Zbiegło się to z otrzymaniem upragnionego mieszkania. Dla niego, inżyniera górnictwa, życie stało się bajką.
- Jak wychodziłem do kopalni, żona robiła na moim czole znak krzyża i wyczekiwała mojego powrotu - wspomina.
W pracy pod ziemią przeżył wiele dramatycznych sytuacji. Na szczęście w zdrowiu doczekał emerytury. W kopalni węgla kamiennego Pniówek zastąpili go synowie.
Na emeryturze miał wreszcie czas dla sześciorga wnucząt, trzech dziewczynek i trzech chłopców.
Rodzinny spokój przerwała ciężka choroba małżonki. Gotował, sprzątał, prał, dyżurował przy niej całą dobę. Niestety, Bogumiła Pieszko (†57 l.) zmarła na raka nerek w 2016 roku.

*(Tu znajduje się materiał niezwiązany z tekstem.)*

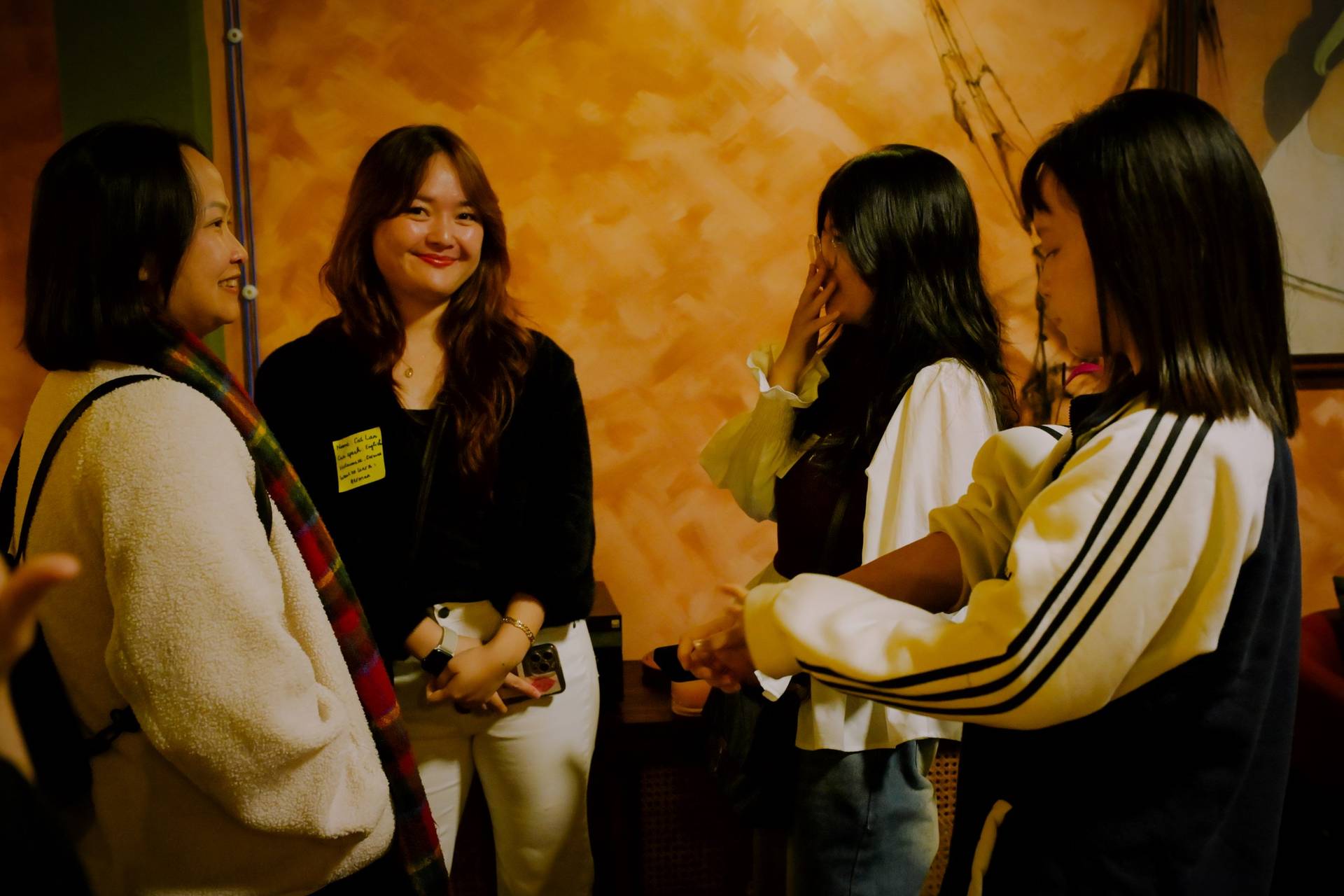 A group of friends gather in a cozy setting in Đà Lạt, Vietnam, sharing laughter and conversation over drinks.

Przez pierwszy rok codziennie chodził na jej grób i płakał. Potem wracał do domu i spędzał czas w łóżku. Nie wiedział, jak wypełnić pustkę w swoim życiu.
Wieczorami zapalał świece i wpatrzony w fotografię żony grał na ustnej harmonijce, z którą nie rozstaje się od dzieciństwa.
Wiosną 2019 roku syn Kamil zgłosił go do programu "Sanatorium miłości", chociaż on sam był przeciwny. Wkrótce zrozumiał, że się mylił.
- To mi dało nowy impuls do życia - mówi, nie ukrywając wzruszenia. - Stałem się innym człowiekiem.
Przed wyjazdem do sanatorium w Ustroniu kupił wiązankę kwiatów i udał się na cmentarz. Przy grobie długo rozmawiał ze zmarłą małżonką.
Kilka razy powtórzył wzruszające: - Żono wybacz! Zostaniesz na zawsze w mojej pamięci, ale ja szukam teraz partnerki, żeby ułożyć sobie życie, bo dokucza mi strasznie samotność.
W programie od razu zwrócił uwagę na Stenię Kowalską (66 l.) z Wrześni. Oświadczył się jej już po dwóch tygodniach. Sanatorium opuścił ściskając ją za rękę. Zawiózł ją potem do rodzinnego Jastrzębia Zdroju.
Jednak w grudniu ubiegłego roku, zamiast ślubu, nastąpiło gwałtowne rozstanie. - Tylko krok dzieli miłość od nienawiści - przyznaje pan Władysław. - Tak też było między nami...
Kilka miesięcy dochodził do uczuciowej równowagi. Lekarstwem na depresję okazała się rola dziadka. Dzięki kontaktom z wnukami odmłodniał.
Czuł się tak, jakby ubyło mu kilkadziesiąt lat. A wieczorami z ciekawości zaglądał do internetu. Któregoś razu zwrócił uwagę na interesującą blondynkę z Krakowa, która wysyłała do niego sympatyczne wiadomości.
Po kilku tygodniach wirtualnej znajomości wsiadł w pociąg i pojechał do miasta Kraka.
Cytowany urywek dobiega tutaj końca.